Apothekenbranche: Potenzielle Umwälzungen


In der Apothekenbranche werden die Expansionspläne von dm als möglicher „Game Changer“ bei OTC-Medikamenten gesehen; das ist aber nicht die einzige Herausforderung.

Apotheken: Um ihre zentrale Rolle im Gesundheitssystem zu bewahren, sind innovative Konzepte, strategische Anpassungen und eine starke politische Interessenvertretung notwendig. (Foto von Jahanzeb Ahsan auf Unsplash)

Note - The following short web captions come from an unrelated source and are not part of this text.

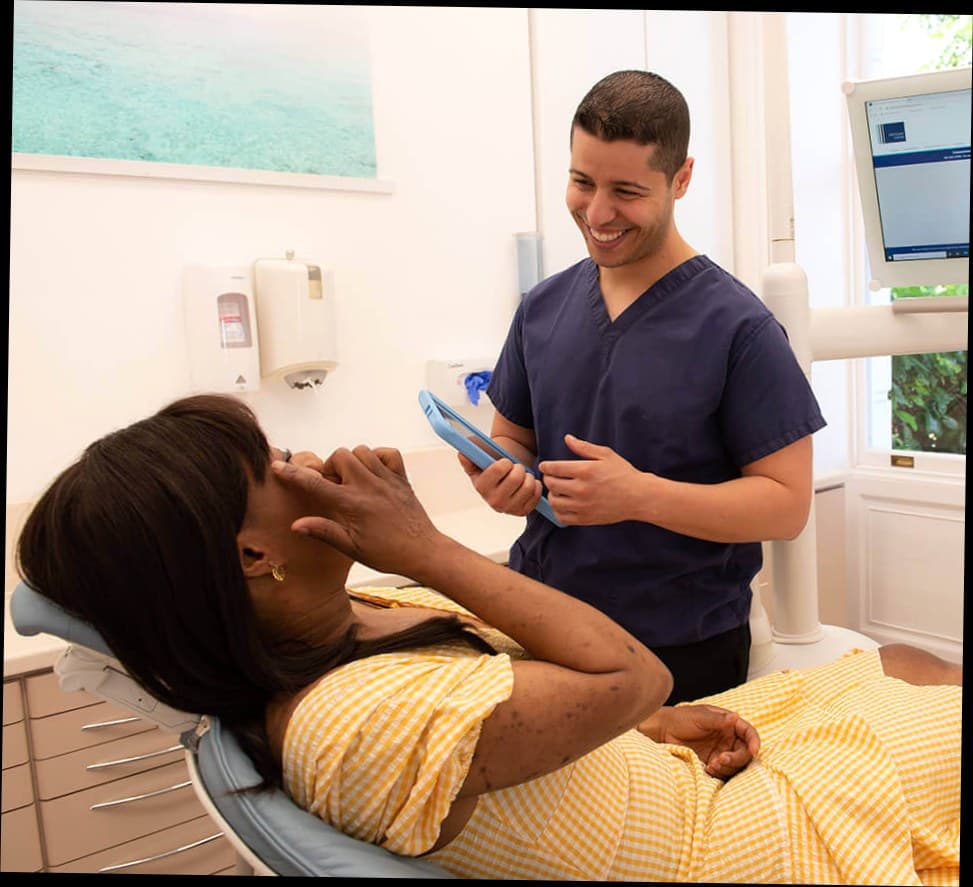 Bagaimana Manajemen Tim Klinik yang Cerdas Bisa Memenangkan Era Personalisasi 2025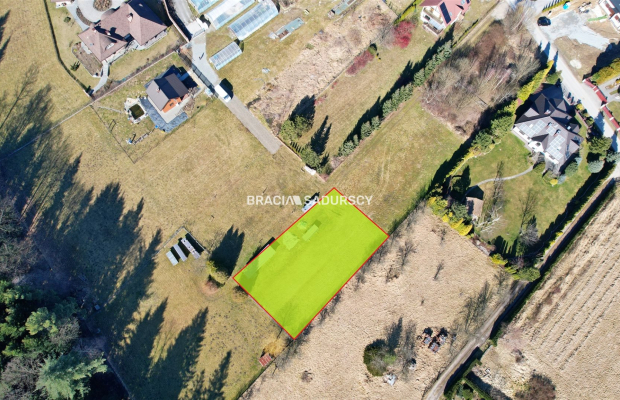 Urokliwa działka budowlana 677 m² w Osieczanach - enklawa przy lesie     

 Oferujemy na sprzedaż działkę budowlaną o powierzch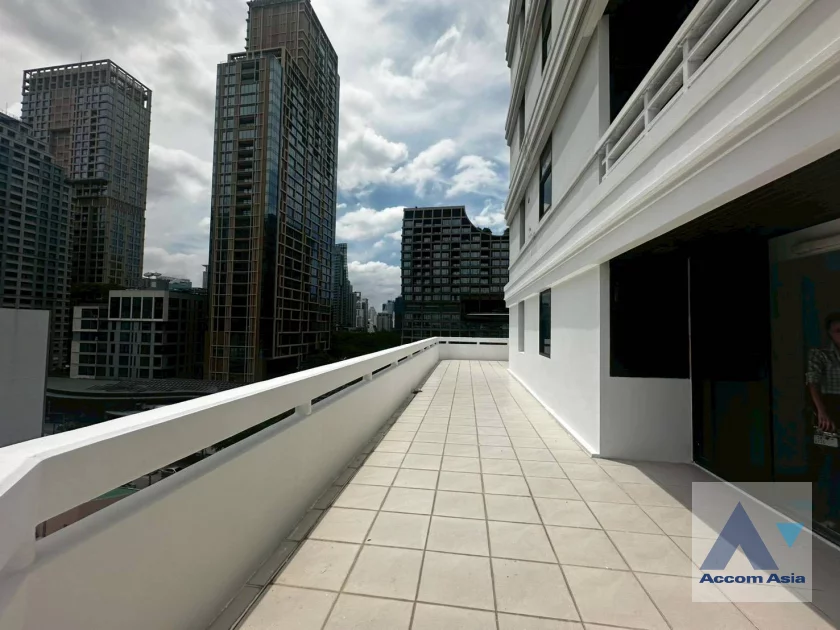 15  3 br Apartment For Rent in Ploenchit ,Bangkok BTS Ratchadamri at High rise and Peaceful AA46356
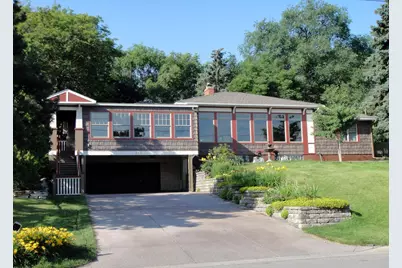 318 McCarrons Boulevard S, Roseville, MN 55113 - Photo 1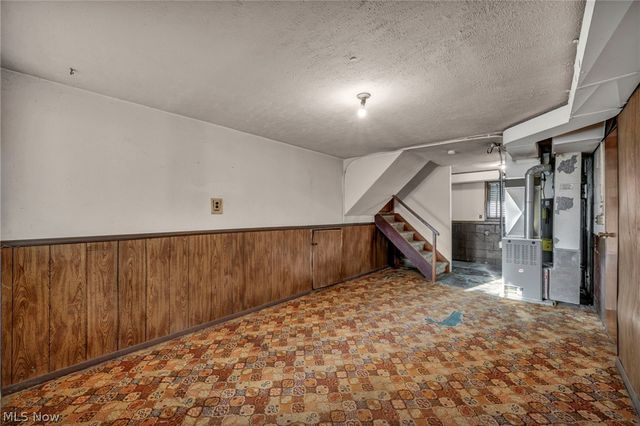 5873 Doxmere Drive, Parma Heights, OH 44130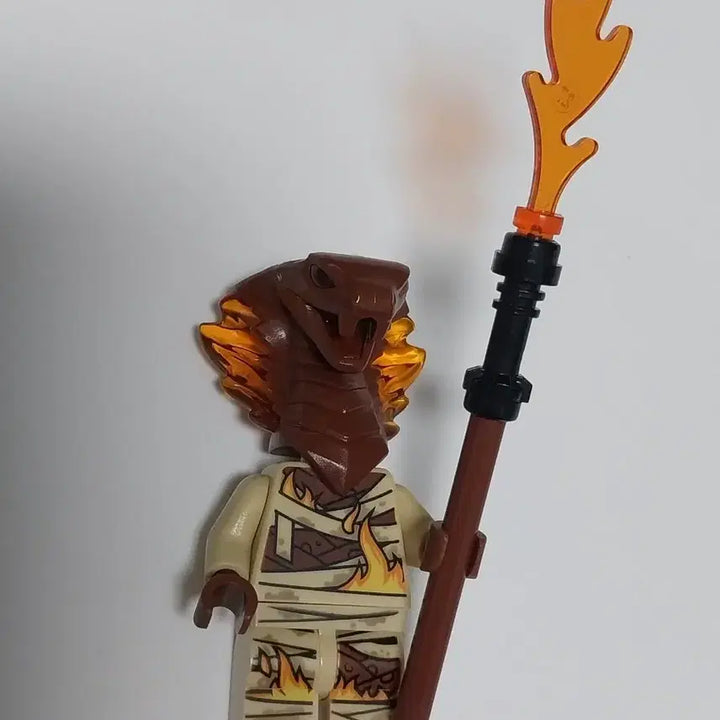 [BUNJANG] Lego Ninjago Pyro Slayer Cobra Minifigure with Staff / 레고 닌자고 파이로 슬레이어 코브라미니피겨 지팡이 포함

Apothekenmarkt: „Endgegner“ dm

Die geplante Expansion von dm in den Markt für nicht verschreibungspflichtige Medikamente könnte eine Zäsur für die Apothekenlandschaft bedeuten. Während dm bereits in Tschechien entsprechende Angebote etabliert hat, wird diskutiert, inwiefern ein vergleichbares Modell in Deutschland möglich wäre. Der Vorsitzende des Bundesverbands des pharmazeutischen Großhandels (Phagro), Marcus Freitag, bezeichnete dm in diesem Kontext als potenziellen „Endgegner“ für klassische Apotheken. Diese müssen sich nun strategisch neu aufstellen, um ihre Wettbewerbsfähigkeit zu sichern.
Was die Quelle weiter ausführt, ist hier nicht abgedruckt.